Remont budynku poczty

W maju 1993 r. budynek Urzędu Pocztowego przy ulicy Powstańców 11 poddany został częściowemu remontowi. Odnowiono dach, który już od dawna wymagał gruntownej reparacji. Pokryto go nową dachówką, która może przypomniała zacnemu zabytkowi jego młodość – przypadającą na początek XIX wieku. Dachówkę – wraz z innymi elementami architektonicznymi, tworzącymi przykrycie budynku – zatwierdzić musiał konserwator zabytków. Żeby pozostać w zgodzie z historią trzeba było ponieść dodatkowe koszty. Na przykładzie naszego miasta możemy stwierdzić, że nieczęsto gospodarza zabytkowego obiektu stać na przeprowadzenie takiego remontu. Cieszył fakt, że zabytek przy ulicy Powstańców 11 ma szczęście być w dobrych rękach. Ale...

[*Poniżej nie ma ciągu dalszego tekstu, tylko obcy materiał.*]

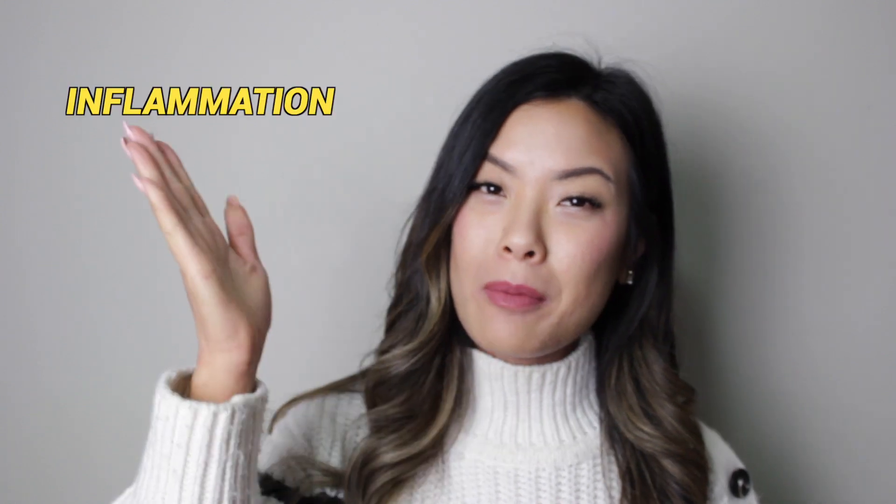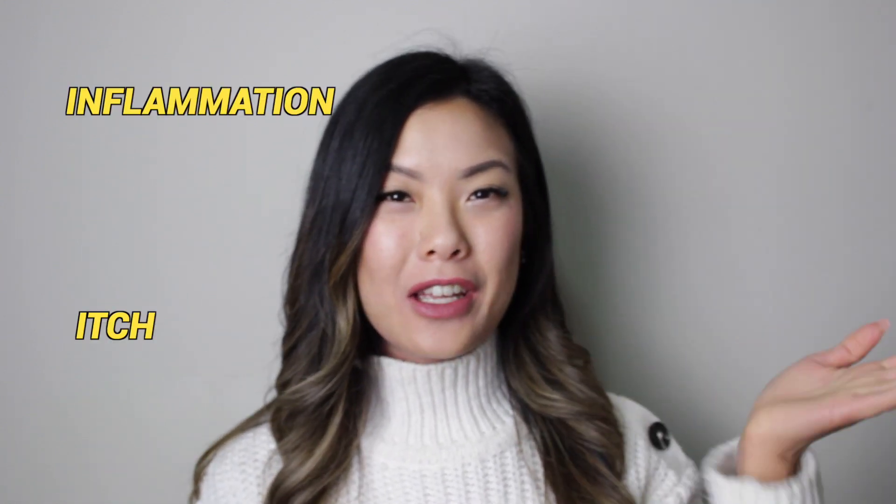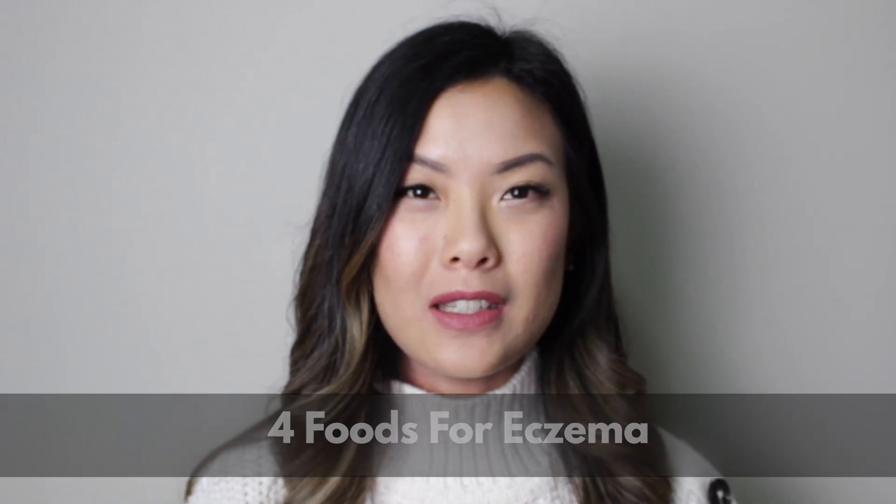Welcome back to my YouTube channel where I help eczema warriors get rid of inflammation, itch, and uncomfortable skin. In today's video, we're going to be talking about four foods you should be eating for healthy skin.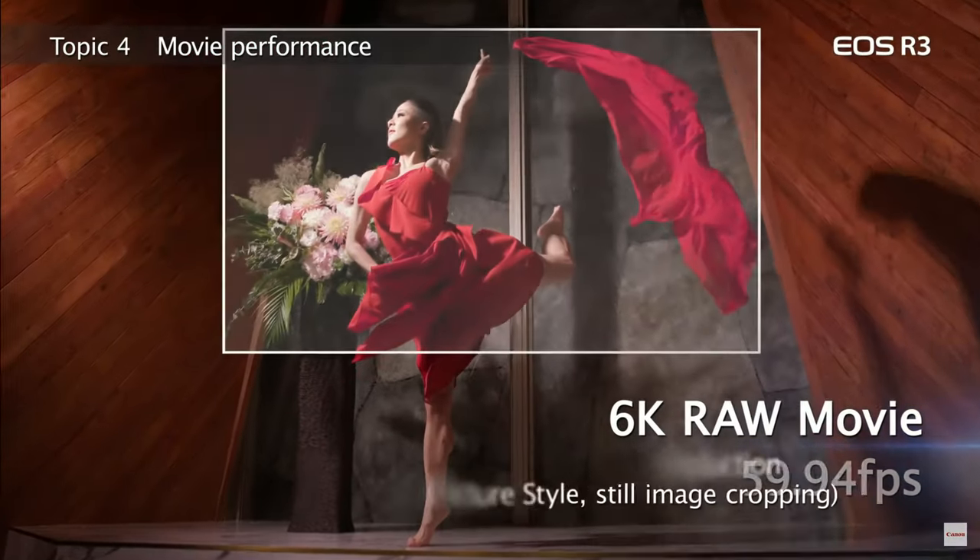6K RAW at 60 frames per second is another great feature, but one I'm not bothered by. The R6 shoots 4K downsampled from 5.1K and it looks gorgeous. Will 6K look better? Probably. Will you be able to notice it looking better? Doubtful.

W dniu 9 grudnia ub. r. przy budynku poczty rozpoczęto naprawę odgromników. Wtedy też przystąpiono dl likwidacji winobluszczu, pnącza, które od ponad pół wieku porastało mury obiektu. Roślina nadająca od tylu lat niepowtarzalnego uroku bryle budynku została zdarta z jego murów w jedno przedpołudnie... Nim przedstawiciel Wydziału Architektury Nadzoru Budowlanego i Ekologii Urzędu Miasta w Mysłowicach zdołał sprawdzić dlaczego przystąpiono do wycięcia tej rośliny z okazałego winobluszczu japońskiego pozostały dwa pnie na wysokości 63 i 65 cm.

Roślina, która stanowiła nie tylko część zabytkowego obiektu, była unikatem tego zakątku miasta – i podlegała ochronie konserwatorskiej. Kiedy przystępowano do remontu dachu zalecenia specjalistyczne dotyczące pnącza, gwarantowały jedynie pozwolenie na dokonanie niezbędnych cięć pędów winobluszczu tj. na wysokości „poniżej gzymsu wieńczącego dach”.

 Budynek Urzędu Pocztowego w Mysłowicach - maj 1993 roku

Resztę prac wykonawca remontu dokonał bez formalnego zezwolenia i bez poinformowania tutejszych władz o zamiarze usunięcia rośliny z murów. Kierowano się jedynie przyzwoleniem użytkownika obiektu – Urzędu Pocztowego, na którym ciąży odpowiedzialność za bezprawne zniszczenie zabytku przyrody. Referat Ekologii Wydziału Architektury Nadzoru Budowlanego przygotowuje postępowanie administracyjne o ukaranie sprawcy zniszczenia.

Może się okazać, że z nadejściem wiosny ocalałe pnie winobluszczu puszczą nowe pędy i wtedy sprawę trzeba będzie umorzyć. Tymczasem przybyły na miejsce ekspert nie pozostawił wiele nadziei winobluszczowi japońskiemu i – tym bardziej – tym, którzy nie uratowali cieszącego oko okazu przyrody.